The Graph Advantage

Comparing ML using tabular vs graph data models with the Cora dataset

Author

Andrew Wang

This demo compares classification using a tabular dataset vs using a graph dataset. Using Neo4j and the Graph Data Science libraries, we show that modelling the data using a graph allows us to achieve better classification accuracy!

For the full notebook and other demos, see the repo.

Let’s get started by importing Python libraries:

!pip install git+https://github.com/hyperopt/hyperopt-sklearn
!pip install graphdatascience

import numpy as np
import pandas as pd

# For performing downstream classification
from sklearn.model_selection import train_test_split
from hpsklearn import HyperoptEstimator, random_forest_classifier

# For connecting to Neo4j instance
from graphdatascience import GraphDataScience

1. Problem statement

Classify dataset of academic papers into categories using the Cora dataset.

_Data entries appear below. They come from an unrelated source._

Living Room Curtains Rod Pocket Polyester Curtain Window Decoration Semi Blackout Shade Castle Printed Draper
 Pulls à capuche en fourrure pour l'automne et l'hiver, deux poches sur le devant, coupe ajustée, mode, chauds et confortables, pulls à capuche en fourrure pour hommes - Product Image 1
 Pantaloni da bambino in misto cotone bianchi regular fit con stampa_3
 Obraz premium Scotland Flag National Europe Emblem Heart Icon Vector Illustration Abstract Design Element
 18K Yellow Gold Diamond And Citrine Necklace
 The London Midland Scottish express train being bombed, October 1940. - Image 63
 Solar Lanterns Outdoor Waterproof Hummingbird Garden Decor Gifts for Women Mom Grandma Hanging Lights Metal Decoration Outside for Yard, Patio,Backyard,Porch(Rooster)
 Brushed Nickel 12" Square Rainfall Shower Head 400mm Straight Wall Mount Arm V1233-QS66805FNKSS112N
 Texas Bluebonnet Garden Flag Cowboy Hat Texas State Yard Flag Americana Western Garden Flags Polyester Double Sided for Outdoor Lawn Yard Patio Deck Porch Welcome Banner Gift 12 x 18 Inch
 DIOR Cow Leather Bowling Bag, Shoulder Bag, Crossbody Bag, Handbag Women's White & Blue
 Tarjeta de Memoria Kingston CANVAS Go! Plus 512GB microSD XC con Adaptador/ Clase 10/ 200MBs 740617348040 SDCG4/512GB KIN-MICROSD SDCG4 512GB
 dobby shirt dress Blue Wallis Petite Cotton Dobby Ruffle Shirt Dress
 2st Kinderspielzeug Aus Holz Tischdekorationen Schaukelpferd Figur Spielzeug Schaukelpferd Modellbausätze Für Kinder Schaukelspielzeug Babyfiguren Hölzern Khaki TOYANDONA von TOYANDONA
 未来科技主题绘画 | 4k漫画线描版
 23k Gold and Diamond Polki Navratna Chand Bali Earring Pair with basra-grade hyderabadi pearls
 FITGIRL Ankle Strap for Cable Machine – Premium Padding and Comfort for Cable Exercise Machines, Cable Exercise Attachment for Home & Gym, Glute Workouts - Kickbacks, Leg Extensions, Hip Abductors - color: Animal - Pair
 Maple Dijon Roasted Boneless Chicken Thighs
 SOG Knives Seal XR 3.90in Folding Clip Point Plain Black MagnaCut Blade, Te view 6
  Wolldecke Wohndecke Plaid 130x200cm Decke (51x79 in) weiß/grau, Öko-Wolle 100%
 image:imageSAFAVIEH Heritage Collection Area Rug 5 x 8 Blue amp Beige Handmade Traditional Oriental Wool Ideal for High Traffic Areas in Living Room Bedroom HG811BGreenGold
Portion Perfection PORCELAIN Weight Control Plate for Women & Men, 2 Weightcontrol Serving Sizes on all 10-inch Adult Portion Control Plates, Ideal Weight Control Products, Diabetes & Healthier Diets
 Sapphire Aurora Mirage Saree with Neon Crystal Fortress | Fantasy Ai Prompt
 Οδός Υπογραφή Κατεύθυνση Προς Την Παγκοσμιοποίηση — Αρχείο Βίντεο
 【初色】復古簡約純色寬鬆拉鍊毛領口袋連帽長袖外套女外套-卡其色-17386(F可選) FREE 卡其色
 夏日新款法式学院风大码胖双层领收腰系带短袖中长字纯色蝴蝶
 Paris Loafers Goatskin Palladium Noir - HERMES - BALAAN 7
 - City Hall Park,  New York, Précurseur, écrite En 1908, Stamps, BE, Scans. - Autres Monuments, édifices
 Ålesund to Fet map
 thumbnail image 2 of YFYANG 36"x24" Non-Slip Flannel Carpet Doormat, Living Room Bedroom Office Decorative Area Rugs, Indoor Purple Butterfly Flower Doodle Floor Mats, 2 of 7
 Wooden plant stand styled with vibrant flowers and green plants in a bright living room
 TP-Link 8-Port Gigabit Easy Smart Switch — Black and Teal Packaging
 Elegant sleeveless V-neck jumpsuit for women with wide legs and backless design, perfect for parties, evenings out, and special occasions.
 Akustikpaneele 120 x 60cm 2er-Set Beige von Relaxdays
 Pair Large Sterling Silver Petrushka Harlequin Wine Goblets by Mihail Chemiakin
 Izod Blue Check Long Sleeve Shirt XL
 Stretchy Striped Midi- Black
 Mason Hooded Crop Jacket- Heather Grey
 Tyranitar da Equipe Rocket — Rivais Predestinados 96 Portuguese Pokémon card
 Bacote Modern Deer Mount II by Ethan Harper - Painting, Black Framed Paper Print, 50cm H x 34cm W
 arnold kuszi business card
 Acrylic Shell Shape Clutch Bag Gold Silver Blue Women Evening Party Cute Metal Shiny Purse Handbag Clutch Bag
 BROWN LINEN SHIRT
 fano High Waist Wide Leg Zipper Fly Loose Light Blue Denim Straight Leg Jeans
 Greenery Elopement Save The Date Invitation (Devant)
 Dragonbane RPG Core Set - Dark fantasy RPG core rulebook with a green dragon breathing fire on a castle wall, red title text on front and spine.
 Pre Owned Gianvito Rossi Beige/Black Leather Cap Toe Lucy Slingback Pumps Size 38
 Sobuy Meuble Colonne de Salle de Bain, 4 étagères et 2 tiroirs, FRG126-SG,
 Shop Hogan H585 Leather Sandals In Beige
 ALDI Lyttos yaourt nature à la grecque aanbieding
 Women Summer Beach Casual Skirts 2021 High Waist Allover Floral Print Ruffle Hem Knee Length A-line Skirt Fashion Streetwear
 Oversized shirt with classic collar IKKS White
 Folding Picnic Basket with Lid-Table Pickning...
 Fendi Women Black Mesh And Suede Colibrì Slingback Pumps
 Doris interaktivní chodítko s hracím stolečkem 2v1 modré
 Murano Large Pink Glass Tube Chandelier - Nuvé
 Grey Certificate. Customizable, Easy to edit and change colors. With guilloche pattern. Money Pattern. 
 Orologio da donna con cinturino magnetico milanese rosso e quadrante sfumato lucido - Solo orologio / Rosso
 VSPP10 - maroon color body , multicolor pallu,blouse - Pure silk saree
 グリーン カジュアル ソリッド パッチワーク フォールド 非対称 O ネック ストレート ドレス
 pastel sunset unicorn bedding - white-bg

A research paper citation network
2708 Paper nodes
5429 CITES relationships
Each Paper node has a length 1433 binary feature vector
- Each dimension represents a keyword
- Value 1 if paper has keyword, 0 otherwise
Each paper node belongs to a subject

nodes = pd.read_csv("data/nodes.csv", converters={"features": eval})
nodes.set_index("id")[["subject", "features"]]

	subject	features
id
31336	Neural_Networks	[0, 0, 0, 0, 0, 0, 0, 0, 0, 0, 0, 0, 0, 0, 0, ...
1061127	Rule_Learning	[0, 0, 0, 0, 0, 0, 0, 0, 0, 0, 0, 0, 1, 0, 0, ...
1106406	Reinforcement_Learning	[0, 0, 0, 0, 0, 0, 0, 0, 0, 0, 0, 0, 0, 0, 0, ...
13195	Reinforcement_Learning	[0, 0, 0, 0, 0, 0, 0, 0, 0, 0, 0, 0, 0, 0, 0, ...
37879	Probabilistic_Methods	[0, 0, 0, 0, 0, 0, 0, 0, 0, 0, 0, 0, 0, 0, 0, ...
...	...	...
1128975	Genetic_Algorithms	[0, 0, 0, 0, 0, 0, 0, 0, 0, 0, 0, 0, 0, 0, 0, ...
1128977	Genetic_Algorithms	[0, 0, 0, 0, 0, 0, 0, 0, 0, 0, 0, 0, 0, 0, 0, ...
1128978	Genetic_Algorithms	[0, 0, 0, 0, 0, 0, 0, 0, 0, 0, 0, 0, 0, 0, 0, ...
117328	Case_Based	[0, 0, 0, 0, 1, 0, 0, 0, 0, 0, 0, 0, 0, 0, 0, ...
24043	Neural_Networks	[0, 0, 0, 0, 0, 0, 0, 0, 0, 0, 0, 0, 0, 0, 0, ...

2708 rows × 2 columns

Papers also have citations to other papers; citations connect source papers to target papers:

edges = pd.read_csv("data/edges.csv")
edges[["source", "target"]]

	source	target
0	1033	35
1	103482	35
2	103515	35
3	1050679	35
4	1103960	35
...	...	...
5424	19621	853116
5425	853155	853116
5426	1140289	853118
5427	853118	853155
5428	1155073	954315

5429 rows × 2 columns

Look at classes:

nodes["subject"].value_counts().plot.bar(title="Number of papers per class");

2. Tabular classification

In a traditional ML system, we use features of each sample independently of other nodes to classify. We cannot easily model each paper’s citations in a tabular data format.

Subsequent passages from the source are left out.